Courtesy Janice Lynn | Lady Bird Johnson Wildflower Center
FLORA: NATIVE POLLINATOR PLANTS
Drummond’s December Blooms
Flowers in December are a welcome sight, especially if you’re a bee or butterfly searching for nectar and pollen. Drummond’s aster, a member of the sunflower family, can be seen blooming into the new year from Dallas-Fort Worth south.
This fantastic pollinator plant — the last installment of our 2020 series of native pollinators — typically grows in forest understory or along woodland edges. The Latin name of Symphyotrichum drummondii comes from Greek roots meaning “growing together” and “hair.” Other common names include blue wood aster and hairy heart-leaf aster.
Thomas Drummond (1790-1835), for whom the flower is named, was a Scottish naturalist who came here in 1830 to collect specimens from the western and southern United States. A few years later, he began collecting at Velasco in Texas. He spent 21 months working the area between Galveston Island and the Edwards Plateau along the Brazos, Colorado and Guadalupe rivers.
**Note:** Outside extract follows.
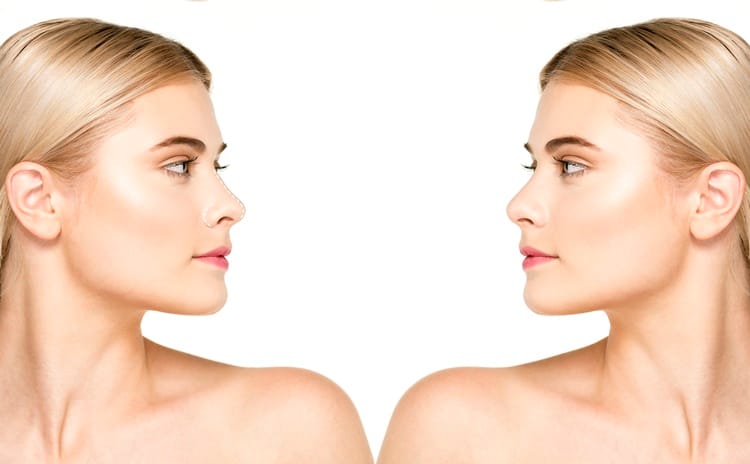Burun Estetiği ve Yüz Hatlarına Etkisi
His Texas collections — 750 species of plants and 150 specimens of birds — were the first extensively distributed among the museums and scientific institutions of the world. Drummond died in Cuba in 1835, before accomplishing his dream of making a complete botanical survey of Texas. Many plants bear his name.
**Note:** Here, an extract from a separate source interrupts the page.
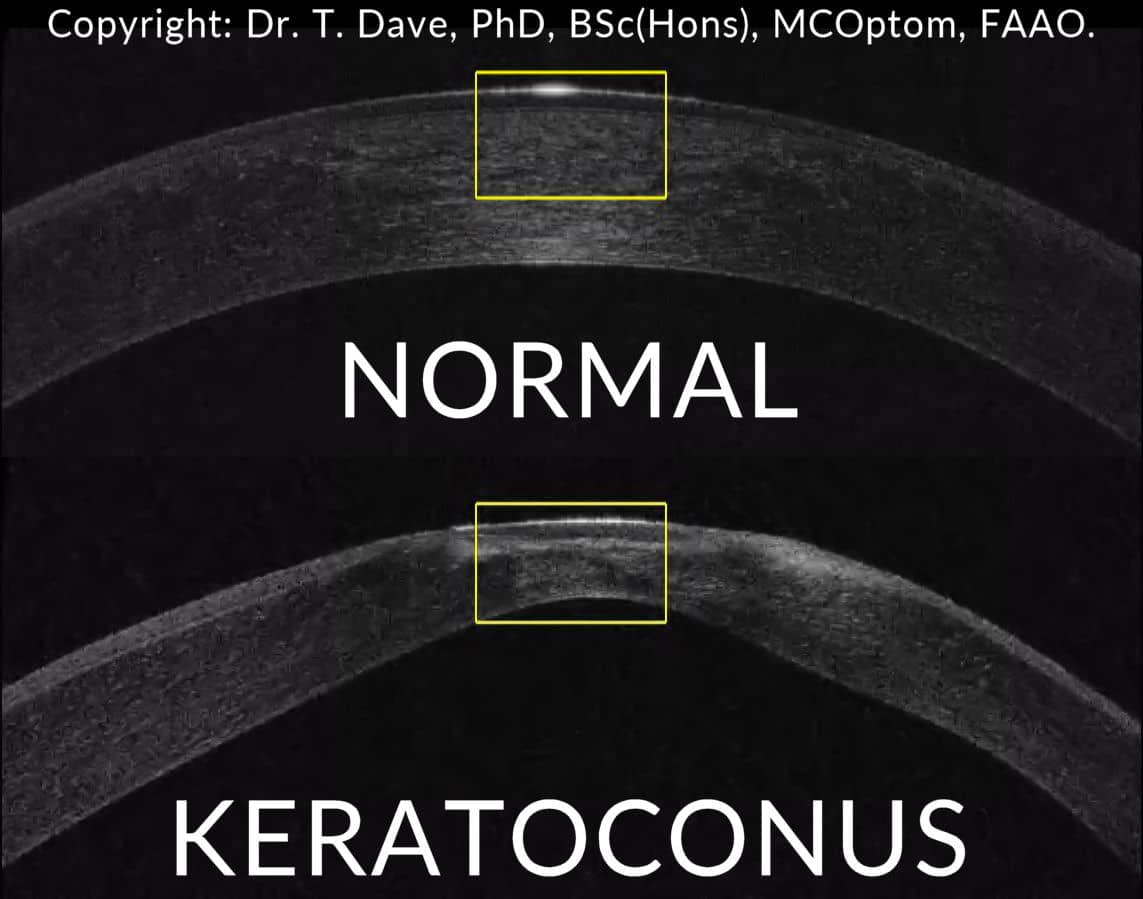 keratoconus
Stems of Drummond’s aster grow 3 to 4 feet tall and can topple when top-heavy with flowers. Each flowerhead is about a half-inch across, consisting of 10-15 ray florets that surround 10-15 congested disk florets. Look for lavender or light violet (less often, white) petals.
After the bloom fades, the florets are replaced by achenes with small tufts of white hair that can be distributed by the wind.
This Texas native is usually easy to cultivate under partial sun, with soil containing loam, clay-loam or some rocky material.